Repository files navigation

Wireguard server and wireguard-ui

A web user interface to manage your WireGuard server. All on docker.

Features

  • Friendly UI
  • Authentication
  • Manage extra client information (name, email, etc)
  • Retrieve client config using QR code / file / email

wireguard-ui 0.3.7

Run WireGuard-UI

⚠️The default username and password are admin. Please change it to secure your setup.

Using binary file

Download the binary file from the release page and run it directly on the host machine

./wireguard-ui

Using docker compose

The examples/docker-compose folder contains example docker-compose files. Choose the example which fits you the most, adjust the configuration for your needs, then run it like below:

docker-compose up

Environment Variables

Variable Description Default
BASE_PATH Set this variable if you run wireguard-ui under a subpath of your reverse proxy virtual host (e.g. /wireguard)) N/A
SESSION_SECRET The secret key used to encrypt the session cookies. Set this to a random value N/A
WGUI_USERNAME The username for the login page. Used for db initialization only admin
WGUI_PASSWORD The password for the user on the login page. Will be hashed automatically. Used for db initialization only admin
WGUI_PASSWORD_HASH The password hash for the user on the login page. (alternative to WGUI_PASSWORD). Used for db initialization only N/A
WGUI_ENDPOINT_ADDRESS The default endpoint address used in global settings where clients should connect to Resolved to your public ip address
WGUI_FAVICON_FILE_PATH The file path used as website favicon Embedded WireGuard logo
WGUI_ENDPOINT_ADDRESS The default endpoint address used in global settings Resolved to your public ip address
WGUI_DNS The default DNS servers (comma-separated-list) used in the global settings 1.1.1.1
WGUI_MTU The default MTU used in global settings 1450
WGUI_PERSISTENT_KEEPALIVE The default persistent keepalive for WireGuard in global settings 15
WGUI_FIREWALL_MARK The default WireGuard firewall mark 0xca6c (51820)
WGUI_CONFIG_FILE_PATH The default WireGuard config file path used in global settings /etc/wireguard/wg0.conf
WGUI_LOG_LEVEL The default log level. Possible values: DEBUG, INFO, WARN, ERROR, OFF INFO
WG_CONF_TEMPLATE The custom wg.conf config file template. Please refer to our default template N/A
EMAIL_FROM_ADDRESS The sender email address N/A
EMAIL_FROM_NAME The sender name WireGuard UI
SENDGRID_API_KEY The SendGrid api key N/A
SMTP_HOSTNAME The SMTP IP address or hostname 127.0.0.1
SMTP_PORT The SMTP port 25
SMTP_USERNAME The SMTP username N/A
SMTP_PASSWORD The SMTP user password N/A
SMTP_AUTH_TYPE The SMTP authentication type. Possible values: PLAIN, LOGIN, NONE NONE
SMTP_ENCRYPTION the encryption method. Possible values: NONE, SSL, SSLTLS, TLS, STARTTLS STARTTLS

Defaults for server configuration

These environment variables are used to control the default server settings used when initializing the database.

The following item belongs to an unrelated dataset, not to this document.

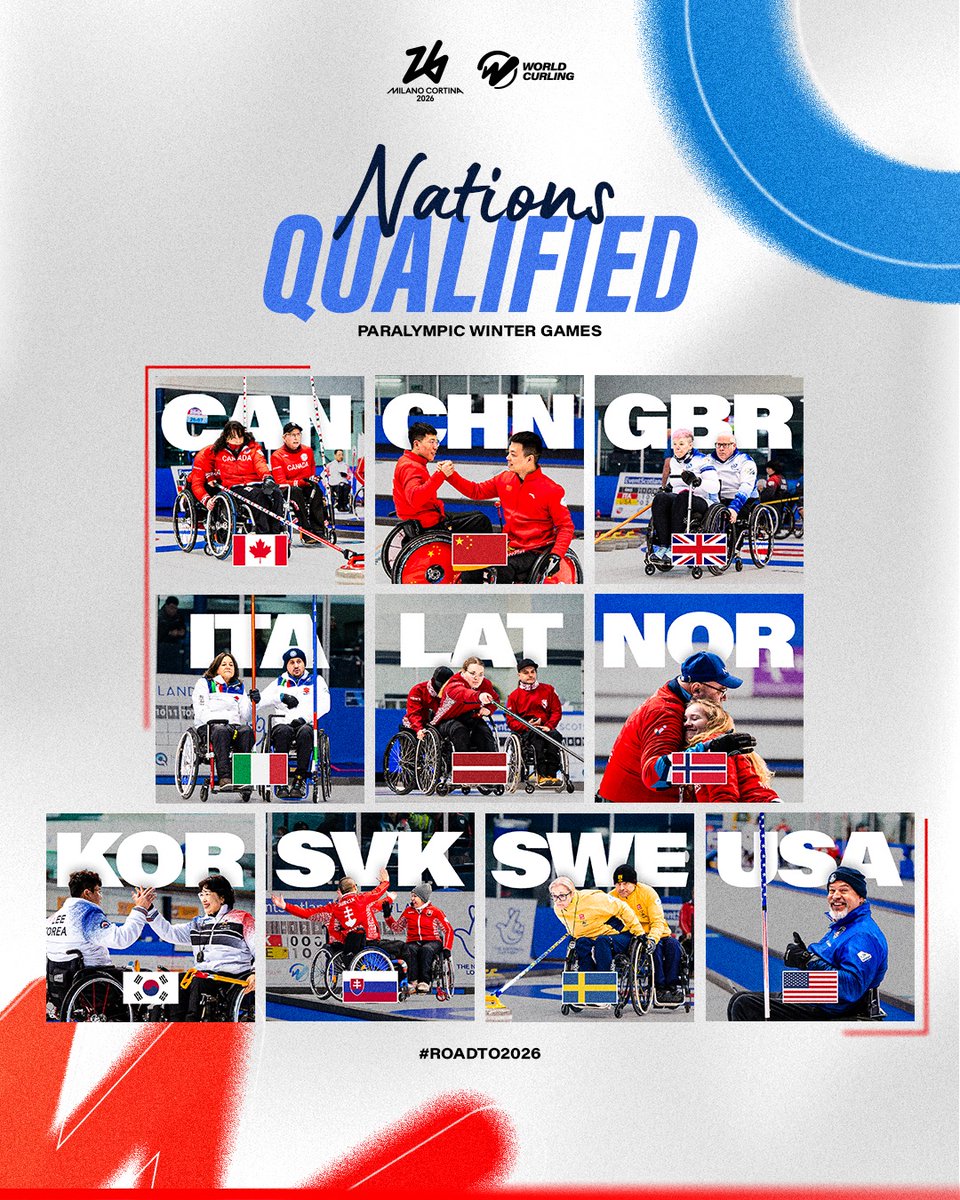 World Curling (@worldcurling) on Twitter photo OFFICIALLY QUALIFIED FOR THE 2026 <a href="/Paralympics/">Paralympic Games</a>!!! 😍
Introducing the Wheelchair Curling teams competing in <a href="/milanocortina26/">Milano Cortina 2026</a> 🌟 Congratulations and see you in Italy!
#RoadTo2026 #WheelchairCurling OFFICIALLY QUALIFIED FOR THE 2026 <a href="/Paralympics/">Paralympic Games</a>!!! 😍
Introducing the Wheelchair Curling teams competing in <a href="/milanocortina26/">Milano Cortina 2026</a> 🌟 Congratulations and see you in Italy!
#RoadTo2026 #WheelchairCurling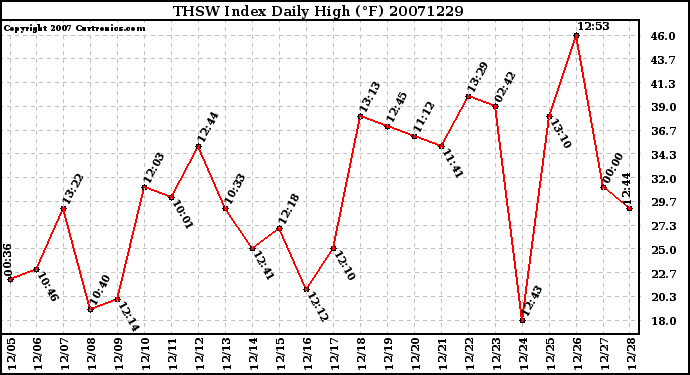 Milwaukee Weather THSW Index Daily High (F)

Variable Description Default
WGUI_SERVER_INTERFACE_ADDRESSES The default interface addresses (comma-separated-list) for the WireGuard server configuration 10.252.1.0/24
WGUI_SERVER_LISTEN_PORT The default server listen port 51820
WGUI_SERVER_POST_UP_SCRIPT The default server post-up script N/A
WGUI_SERVER_POST_DOWN_SCRIPT The default server post-down script N/A

Defaults for new clients

These environment variables are used to set the defaults used in New Client dialog.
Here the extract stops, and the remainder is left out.